9. No drama with the ex
If your ex is still in the picture, or if you’re co-parenting, avoid any showdowns over your dating life. Maintain firm boundaries, and ensure they have no say in who you date or how often. Even if you’ve broken up with a live-in partner, and are unsure about your status, we recommend a clean break before you start dating again. Don’t get into the grey areas of dating as a single mom – it rarely works out. It’s nice if you’re cordial with your ex, but for the love of god, do not get into any messy ex-with-benefits sort of a situation with them. It’s confusing for you, it’s bad for the kids, and it stalls your chances of moving on to a newer, healthier life and relationship. The sheer exhaustion of dating as a single mom Dating as a single mom is no piece of cake (but keep some cake handy at all times).
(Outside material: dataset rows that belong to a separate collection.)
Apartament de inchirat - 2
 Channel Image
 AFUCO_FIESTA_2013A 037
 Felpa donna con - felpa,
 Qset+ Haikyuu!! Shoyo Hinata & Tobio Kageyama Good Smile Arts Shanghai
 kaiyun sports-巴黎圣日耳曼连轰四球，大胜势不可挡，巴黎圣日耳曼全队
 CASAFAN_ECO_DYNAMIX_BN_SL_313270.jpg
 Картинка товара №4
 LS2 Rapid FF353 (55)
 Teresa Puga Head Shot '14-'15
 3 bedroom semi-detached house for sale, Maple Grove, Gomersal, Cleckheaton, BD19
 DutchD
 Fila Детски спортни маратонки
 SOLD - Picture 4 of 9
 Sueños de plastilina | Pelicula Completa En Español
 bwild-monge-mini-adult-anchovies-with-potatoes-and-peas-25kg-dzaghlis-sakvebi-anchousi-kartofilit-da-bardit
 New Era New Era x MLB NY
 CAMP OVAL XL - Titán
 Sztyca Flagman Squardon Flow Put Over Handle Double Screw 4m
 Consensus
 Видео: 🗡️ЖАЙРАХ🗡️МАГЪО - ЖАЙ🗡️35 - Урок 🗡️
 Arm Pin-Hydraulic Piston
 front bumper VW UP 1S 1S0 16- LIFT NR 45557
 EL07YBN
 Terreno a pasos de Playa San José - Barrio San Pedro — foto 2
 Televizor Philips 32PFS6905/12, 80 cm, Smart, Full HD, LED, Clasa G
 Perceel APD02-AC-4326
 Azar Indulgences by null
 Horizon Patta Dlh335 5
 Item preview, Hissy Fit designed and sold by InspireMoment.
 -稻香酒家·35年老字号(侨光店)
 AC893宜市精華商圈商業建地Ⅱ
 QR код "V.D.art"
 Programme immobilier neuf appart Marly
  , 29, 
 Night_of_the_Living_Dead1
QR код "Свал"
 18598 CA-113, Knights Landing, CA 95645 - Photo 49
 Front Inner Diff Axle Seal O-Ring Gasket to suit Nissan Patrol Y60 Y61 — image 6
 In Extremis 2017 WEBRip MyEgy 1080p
It’s important to take a little time for yourself, give a nod to your own needs outside of your role as a mom. Your kids are your world, and that’s amazing. But don’t forget, there’s always enough room for your world to grow. It’s okay to let new people in, it’s great to engage in some healthy flirting and dress up and go on a date. “Honestly, with age, we should get better at everything – relationships, sex, parenting,communication, all of it!” Pooja concludes. We say ‘amen’ to that.